The trouble with transaction.atomic

Django's transaction.atomic context manager is an important tool for maintaining data integrity. But its guarantees are frequently misunderstood.

Blog post
19 Nov 2020
 django

Something about Django has bothered me for some time. It’s the context manager at the heart of its API for handling database transactions: django.db.transaction.atomic. It offers a neat design to help us write robust code, but also plenty of opportunity to write programs that are not as robust as they appear. Before we look into why, here’s a refresher on transaction.atomic.

What transaction.atomic does

By default, each Django ORM query is automatically committed to the database. Sometimes, however, we need to group multiple operations, so that they happen either altogether, or not at all. The property of queries grouped indivisibly like this is known as atomicity: the ‘A’ in the well known acronym ACID.

Take this example from a fictional banking application, in which a transfer between two accounts requires the creation of two different rows in a table.

from django.db import transaction


def transfer(source: Account, destination: Account, amount: int) -> None:
    with transaction.atomic():
        BalanceLine.objects.create(
            account=source,
            amount=-amount,
        )
        BalanceLine.objects.create(
            account=destination,
            amount=amount,
        )

Because we’ve wrapped the queries in transaction.atomic, we know that whatever happens, the two balance lines will either both make it into the database together, or not at all. This is a very good thing, because if only the first balance line was written, the books wouldn’t balance.

How does it work?
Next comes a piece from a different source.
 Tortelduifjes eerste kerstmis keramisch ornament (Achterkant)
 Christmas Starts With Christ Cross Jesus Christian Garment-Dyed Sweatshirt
Under the hood, Django begins a database transaction when transaction.atomic is entered, and does not commit it until the context exits without an exception being raised. If, for some reason, the second ORM operation does raise an exception, the database will roll back the transaction. Corrupt data is avoided. We call this operation ‘atomic’ because, like an atom, it’s indivisible. (For the sake of the metaphor, let’s ignore particle accelerators, shall we?)

Nested atomic blocks

transaction.atomic also supports nesting:

with transaction.atomic():
    ...
    ...
    with transaction.atomic():
        ...
        with transaction.atomic():
            ...
            ...
    with transaction.atomic():
        ...
    ...

The details of how this works are a little harder to wrap one’s head around. In many database engines, such as PostgreSQL, there’s no such thing as a nested transaction. So instead Django implements this using a single outer transaction, and then a series of database savepoints:

with transaction.atomic():  # Begin transaction
    ...
    ...
    with transaction.atomic():  # Savepoint 1
        ...
        with transaction.atomic():  # Savepoint 2
            ...
            ...
    with transaction.atomic():  # Savepoint 3
        ...
    ...
... # Transaction will now be committed.

All the inner atomic blocks behave slightly differently to the outer one: in the event of an exception, rather than rolling back the whole transaction, it rolls back to the savepoint set when it entered the context manager.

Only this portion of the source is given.